Here is the task for the records below: repeat exactly the lines from the one with "Aprovecharon el Míercoles" to the one with "Peugeot 5008 2023 photo 5", both included, and nothing else.

### INFORMATION SUPPLIED

==========

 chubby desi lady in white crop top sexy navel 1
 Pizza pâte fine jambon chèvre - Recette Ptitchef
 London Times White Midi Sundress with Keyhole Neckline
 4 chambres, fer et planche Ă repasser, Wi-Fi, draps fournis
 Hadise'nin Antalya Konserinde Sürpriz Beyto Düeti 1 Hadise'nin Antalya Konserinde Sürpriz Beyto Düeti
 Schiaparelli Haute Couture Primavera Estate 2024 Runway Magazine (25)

==========

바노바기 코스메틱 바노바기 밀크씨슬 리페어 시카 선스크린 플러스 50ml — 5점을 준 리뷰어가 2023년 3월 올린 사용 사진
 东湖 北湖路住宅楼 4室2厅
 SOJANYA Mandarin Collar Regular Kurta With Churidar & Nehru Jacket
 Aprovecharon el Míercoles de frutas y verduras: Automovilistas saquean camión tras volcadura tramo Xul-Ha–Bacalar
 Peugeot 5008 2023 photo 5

==========

### RESULT FOR THIS TASK
 Aprovecharon el Míercoles de frutas y verduras: Automovilistas saquean camión tras volcadura tramo Xul-Ha–Bacalar
 Peugeot 5008 2023 photo 5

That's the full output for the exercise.